● **Aim of the exercise**: In the output, include exactly the lines from the beginning of the records up to and including the one that contains "When we talk", and leave out the pictures.

● **The data**:
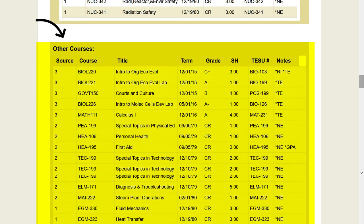The other courses section of your evaluation includes courses that have been accepted in transfer but could not be applied towards your degree requirements.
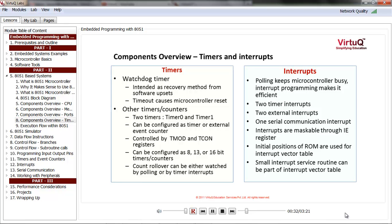When we talk about timers, there are two kinds. The first is the watchdog timer, which is intended as a recovery method from software upsets. If something goes wrong with the processor, the watchdog timer will cause the microcontroller to be reset. There are also two other timers, Timer 0 and Timer 1, which can be configured as a timer or external event counter. Within 8051, there are two special registers, Tmod and Tcon, which control the functionality of Timer 0 and Timer 1.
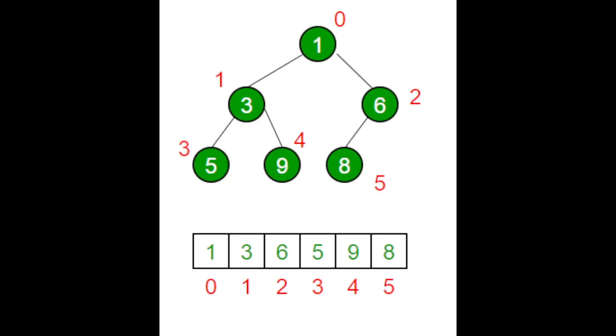Imagine you have a tree data structure where every node can have at most two children. Here is an example of a min heap which is satisfying the min heap property, meaning every parent node is smaller than its children and the root node is the smallest element in the tree.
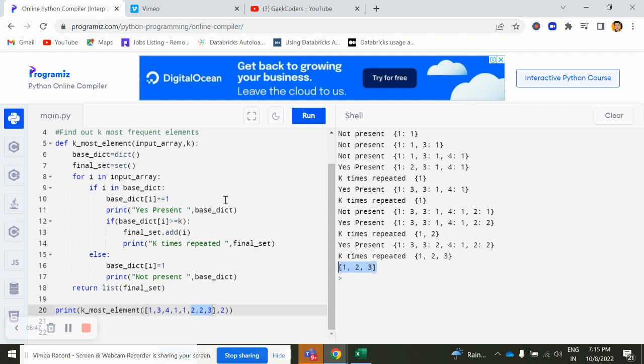You can solve via this method and there could be multiple ways as I mentioned before. So I hope you have understood this concept. And if you do, do like and share with your friends so that everyone will get benefited. Bye-bye.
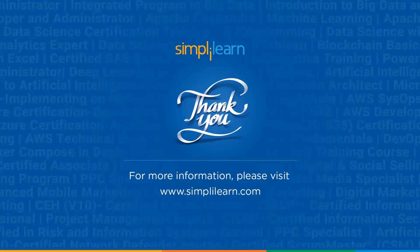If you have any queries regarding any of the topics covered in this session, or if you require the resources used in this session, then please feel free to let us know in the comment section below and our team of experts will be more than happy to resolve all your queries at the earliest. Until next time, thank you, stay safe, and keep learning.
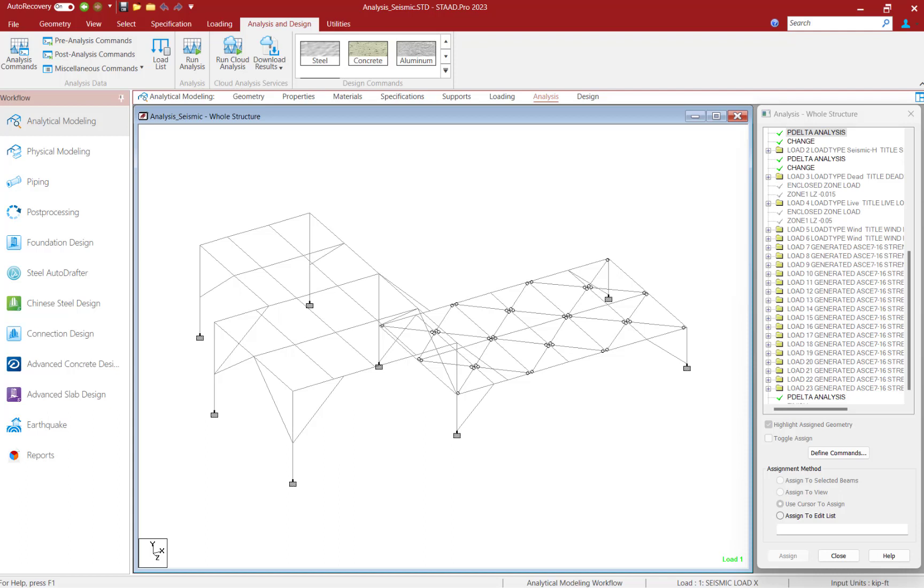The SetNL command is used in a multiple analysis run if you want to add more primary load cases after one analysis has already been performed. In that scenario, the SetNL command would instruct STAD Pro to set aside additional memory space for information to be added later.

● **Output**:
The other courses section of your evaluation includes courses that have been accepted in transfer but could not be applied towards your degree requirements.
When we talk about timers, there are two kinds. The first is the watchdog timer, which is intended as a recovery method from software upsets. If something goes wrong with the processor, the watchdog timer will cause the microcontroller to be reset. There are also two other timers, Timer 0 and Timer 1, which can be configured as a timer or external event counter. Within 8051, there are two special registers, Tmod and Tcon, which control the functionality of Timer 0 and Timer 1.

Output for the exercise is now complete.